= Dudley Noble =

Dudley Noble, who started at the Rover Company in 1911 as a motorcycle tester and competition rider, became one of the British automobile industry's pioneering publicists.

He arranged one of the first ever promotional films to be shot, in 1912, of the Rover motorcycle production and testing, ending with a sequence of him accidentally falling off his motorbike in the middle of Kenilworth ford! Many of his Rover publicity exercises, such as racing the Blue Train, passed into motoring legend.

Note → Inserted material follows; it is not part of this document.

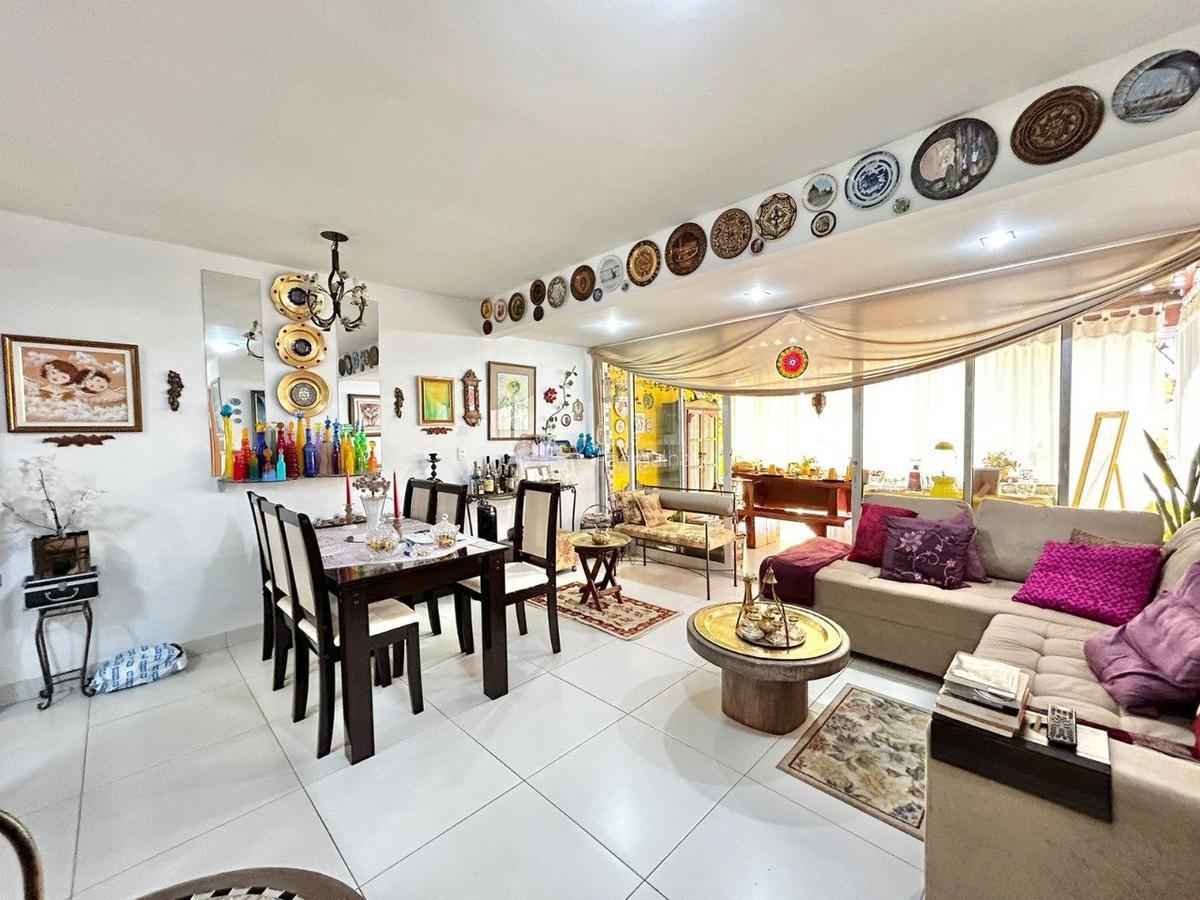 Apartamento, Itapoã, 2 Quartos, 2 Vagas, 1 Suíte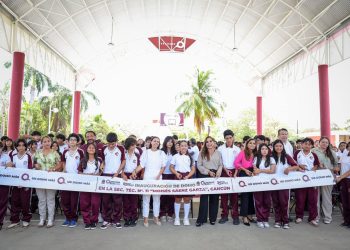 Ana Paty Peralta, atestiguó la inauguración de un domo en la Secundaria Técnica número 11 “Moisés Sáenz Garza”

In January 1930, the Rover name hit the world press when a Rover tried to take on Le Train Bleu on its 750-mile run between Calais and Cannes. The idea of racing the Blue Train was very popular with motor enthusiasts, and each new attempt was received with varying expectations of success. Many had already failed on this mammoth challenge. The act to promote the new Rover Light Six in a headline-grabbing campaign was the brainchild of former motorcycle tester and pioneer publicist Dudley Noble, in which a Light Six was to race the Blue Train across France from Calais to St Raphael on the Côte d'Azur. It was a moderately shameless stunt of him, being safe in the knowledge that the average speed of the famous express was no more than about 40 mph once all its stops and detours were taken into account. To beat the train, Noble had to drive more or less non-stop from Calais to the French Riviera. The Rover Light Six averaged 38 mph on its 750 miles journey to beat the train's expected time of just over 20 hours, which gave the Rover team a 20-minute lead over the train. It had been beaten for the first time and the Rover team became celebrities through the Daily Express.

In March 1930, Bentley Boy Woolf Barnato raised the stakes on Rover and its Rover Light Six having raced and beat Le Train Bleu for the first time, to better that record with his 6½ Litre Bentley Speed Six on a bet of 100 Pound Sterling. He drove against the train from Cannes to Calais, then by ferry to Dover and finally London, travelling on public highways, and won; the H. J. Mulliner-bodied formal saloon he drove during the race as well as a streamlined fastback "Sportsman Coupe" by Gurney Nutting he took delivery of on 21 May 1930 became known as the Blue Train Bentleys; the latter is regularly mistaken for or erroneously referred to as being the car that raced the Blue Train, while in fact Barnato named it in memory of his race.